Zeynep Oduncu: Tecrit biterse halklar nefes alacak

Kürt Halk Önderi Abdullah Öcalan’ın fiziki özgürlüğünün önemli olduğunu belirten DEM Batman Milletvekili Zeynep Oduncu, tecridin sonra ermesi halinde halkların rahat bir nefes alacağını söyledi.

Qers ve Wan’dan Büyük Özgürlük Yürüyüşü için yola çıkanlar yürüyüşlerini sürdürüyor.
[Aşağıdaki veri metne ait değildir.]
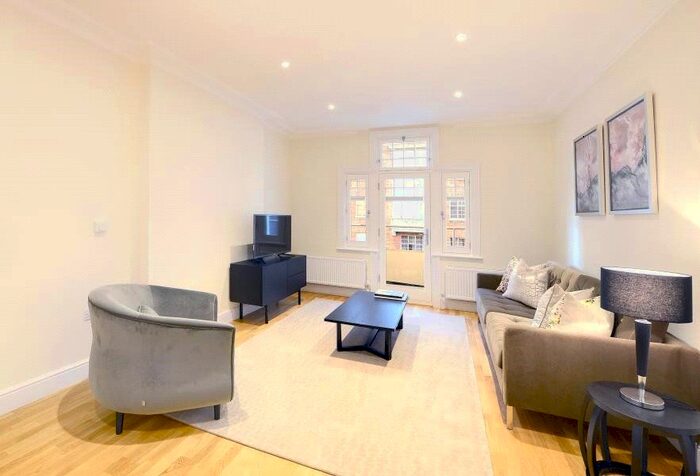 2 Bedroom Flat To Rent In Hamlet Gardens, London, W6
Yürüyüşe ilişkin konuşan DEM Parti Batman Milletvekili Zeynep Oduncu, yürüyüşün başarıyla sonuçlanacağına inandıklarını belirtti.

İki koldan başlattıkları Büyük Özgürlük Yürüyüşü’nün 14. gününde konuşan Zeynep Oduncu şunları söyledi: “Kurdistan halklarının birlikte adil, eşit ve yaşanılır bir ülkenin inşası için gerekli olan adımın, ancak İmralı Adasında tecritte olan Sayın Abdullah Öcalan’ın fiziki özgürlüğüyle olabileceği şiarıyla yola çıktık. Daha önce başlatılan bir çözüm süreci vardı ve bu çözüm süreci masada devrilmişti. Ama o tarihte yaşananlar, Türkiye halkları açısından çok çok önemli bir noktadaydı. Kanın gözyaşının durduğu, insanların rahat bir nefes aldığı ve Türkiye halklarında büyük bir enerjinin ortaya çıktığı, artık silahların susacağı, gözyaşının duracağı, kanının dökülmeyeceği bir ülkenin varlığı halklara sirayet etmişti. Maalesef masanın devrilmesi ve barış sürecinin olmayacağı söylemiyle süreci bozan bir iktidar, Türkiye haklarını karanlığa gömmeye çalışmıştı. Biz o günden bugüne dek Sayın Abdullah Öcalan’ın özgürlüğünün Türkiye halkları açısından ne kadar önemli olduğunu söylemiştik ve söylemeye de devam ediyoruz. Ama maalesef 35 aydır Sayın Abdullah Öcalan’dan hiçbir şekilde haber alınamıyor.”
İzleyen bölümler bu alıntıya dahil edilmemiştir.